Calculation of Dynamic Coefficients for a Magnetically Levitated Artificial Heart Pump Using a CFD Approach

Abstract

The artificial heart community acknowledges the 3rd generation Ventricular Assist Devices (VADs) as the leading technology in mechanical blood pump development. This category consists of rotary pumps with no mechanical or fluid bearings in contact with the fluid medium, usually magnetic or noncontacting hydrodynamic bearings. A magnetic suspension prevents the rotating impeller from contacting the pump’s internal surfaces and reduces regions of stagnant and high shear flow that normally surround a fluid or mechanical bearing. Magnetic bearings have no moving parts in contact and thus do not wear over time; this generally lengthens the operational life of the pumps as compared to those supported by conventional bearings. Employing this 3rd generation technology, the University of Virginia has been developing a ventricular assist device (LifeFlow) with a rotor that is suspended entirely by magnetic bearings. In order to perform the stability analysis, the hydrodynamic effects of the rotating impeller should be included in the calculation.

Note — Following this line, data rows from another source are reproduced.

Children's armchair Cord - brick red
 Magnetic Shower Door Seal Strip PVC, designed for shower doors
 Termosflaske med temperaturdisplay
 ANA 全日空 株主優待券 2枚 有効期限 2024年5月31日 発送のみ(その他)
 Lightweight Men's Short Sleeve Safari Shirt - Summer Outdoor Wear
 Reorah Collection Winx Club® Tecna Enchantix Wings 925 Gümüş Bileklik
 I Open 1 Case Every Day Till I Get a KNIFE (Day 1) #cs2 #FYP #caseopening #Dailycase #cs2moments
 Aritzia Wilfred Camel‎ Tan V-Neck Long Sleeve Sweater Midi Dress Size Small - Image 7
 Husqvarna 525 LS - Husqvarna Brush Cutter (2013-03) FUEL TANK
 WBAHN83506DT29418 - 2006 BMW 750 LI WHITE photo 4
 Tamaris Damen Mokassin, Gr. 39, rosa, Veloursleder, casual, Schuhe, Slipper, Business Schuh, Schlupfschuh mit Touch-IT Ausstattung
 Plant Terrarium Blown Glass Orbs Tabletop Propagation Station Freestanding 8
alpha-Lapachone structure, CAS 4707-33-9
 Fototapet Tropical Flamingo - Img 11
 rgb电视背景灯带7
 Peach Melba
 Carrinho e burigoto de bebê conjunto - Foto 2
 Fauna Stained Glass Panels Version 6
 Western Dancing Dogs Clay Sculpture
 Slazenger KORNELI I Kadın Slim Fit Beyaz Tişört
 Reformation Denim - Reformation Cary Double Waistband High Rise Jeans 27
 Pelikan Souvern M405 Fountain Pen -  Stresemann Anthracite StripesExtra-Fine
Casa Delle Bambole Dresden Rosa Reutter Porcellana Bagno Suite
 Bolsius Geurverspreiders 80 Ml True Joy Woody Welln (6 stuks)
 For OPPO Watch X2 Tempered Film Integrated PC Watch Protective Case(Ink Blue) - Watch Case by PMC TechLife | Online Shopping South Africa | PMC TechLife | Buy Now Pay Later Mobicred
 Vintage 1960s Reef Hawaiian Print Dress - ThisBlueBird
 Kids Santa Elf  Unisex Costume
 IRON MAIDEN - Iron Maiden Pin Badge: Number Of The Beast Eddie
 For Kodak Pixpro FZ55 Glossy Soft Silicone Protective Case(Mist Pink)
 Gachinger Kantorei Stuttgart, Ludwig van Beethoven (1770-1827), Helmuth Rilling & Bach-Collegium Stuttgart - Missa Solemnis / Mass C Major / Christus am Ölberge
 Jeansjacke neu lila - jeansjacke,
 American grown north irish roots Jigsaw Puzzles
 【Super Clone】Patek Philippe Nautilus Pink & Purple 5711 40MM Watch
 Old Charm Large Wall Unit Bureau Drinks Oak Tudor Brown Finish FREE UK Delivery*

This study describes the method to calculate the stiffness, damping, and mass coefficients, based on the CFD prediction of radial fluid forces exerted on the impeller due to its eccentric position inside the pump housing over a range of operating conditions. In consideration of the suspension design, the fluid forces exerted on the levitated axial impeller were estimated using CFD such that any fluid perturbations would be accounted for and counterbalanced during the suspension and motor design phase.